While such a rich and nuanced picture of the social world is important given the complexity of the phenomena under analysis, the diversity of perspectives could lead policymakers to wonder whether such advice is worth listening to, or even to pick and choose whatever perspective best support some preconceived position.
The lack of a common approach therefore risks creating a vacuum in the understanding of social challenges, which is filled by those disciplines that best manage to present what appears to be a convincingly coherent picture of the world. The risk with this is that the framing of a complex and multifaced social issue is monopolised by the lenses of a single discipline, so that for example everything becomes a market failure or an engineering challenge requiring a technological solution.
To address this, a closer link needs to be forged between the different social science disciplines, as well as with other scientific disciplines and the practice of policy itself. A closer understanding of both the plurality of ‘ways of knowing’, and the uses of such knowledge to address societal challenges, would contribute to an appreciation of the need for a pluralistic approach.

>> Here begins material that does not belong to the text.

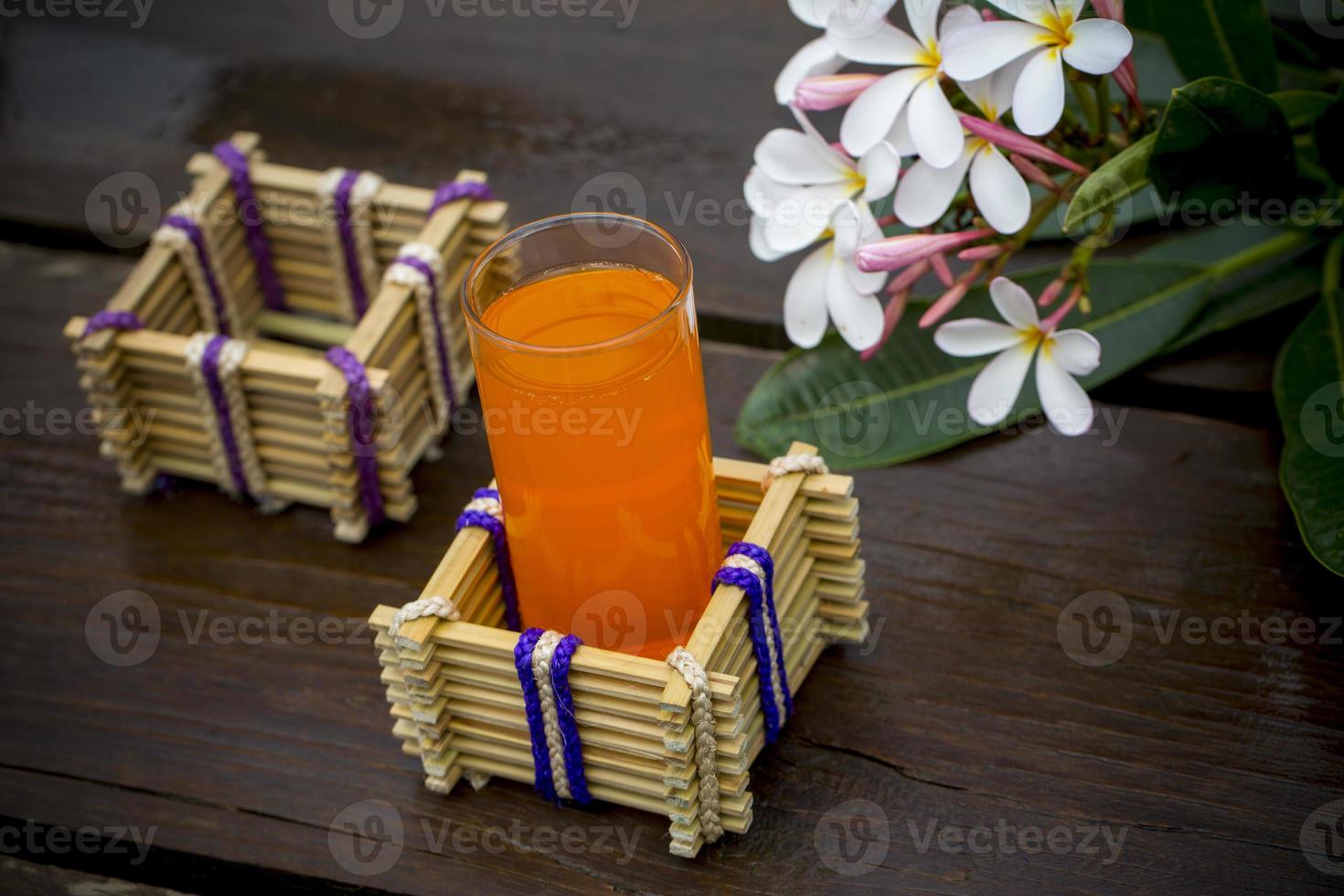 een glas van oranje sap met water glas houder gemaakt van bamboe stokjes en vezel. decoratief houten tafel met mooi plumeria bloemen. bamboe glas houder. foto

As an early career researcher, this realisation leads me to ask many questions.
While multidisciplinary agglomerations are clearly one way to bring to bear diverse and experts perspectives on problems, these groups themselves can become internally siloed or remain at an abstract level of discourse if there is not skill and willingness to cross disciplines among members. What sort of professionals could fulfil this and other emerging synthesis roles?
If policy considerations, robust disciplinary expertise, a broad understanding of the methods and content of other research fields are all necessary to effectively engage with today’s challenges, what sort of professional figure could fulfil such role? How can such a multifaceted professional figure emerge from a world where career structures are still largely built around traditional disciplinary and institutional affiliations? What sort of educational and development pathways exist to foster such broader approaches?
An overhaul of the labour market for intellectual work would be needed to address this. If the siloes between different forms of theoretical and practical expertise are to be brought down, suitable professional pathways will have to emerge to allow people to build careers spanning multiple fields of research and practice. Current incentive and reward structures make it hard for people to transition between different domains of theory and practice, making it particularly unappealing for those at the early stages of their careers.
The idea of ‘portfolio careers’ has become established in some fields, where workers combine a number of part-time, temporary, freelance, and entrepreneurial roles instead of having a single job. Could such an approach work for someone trying to span academia, industry and policy? Could, and should, the intellectual labour market head in the direction taken by other industries?
While more career flexibility might appear desirable, consideration should also be given to the risks of short termism and insecurity, as currently seen in the academic sector where widespread casual employment and short term grants are increasingly taking the toll among early career researchers. The jokingly proposed “Uber for scientific advisors” might not eventually prove the right model to address the need for more intellectually mobile professionals, able to move across disciplines and sectors, but neither will the current system of academic employment.
The community at large, including researchers and research users, will need to think critically about what it needs from, and can offer to, the next generation of researchers and advisors. This itself will prove a challenge that will require input from all involved, and multiple intellectual perspectives.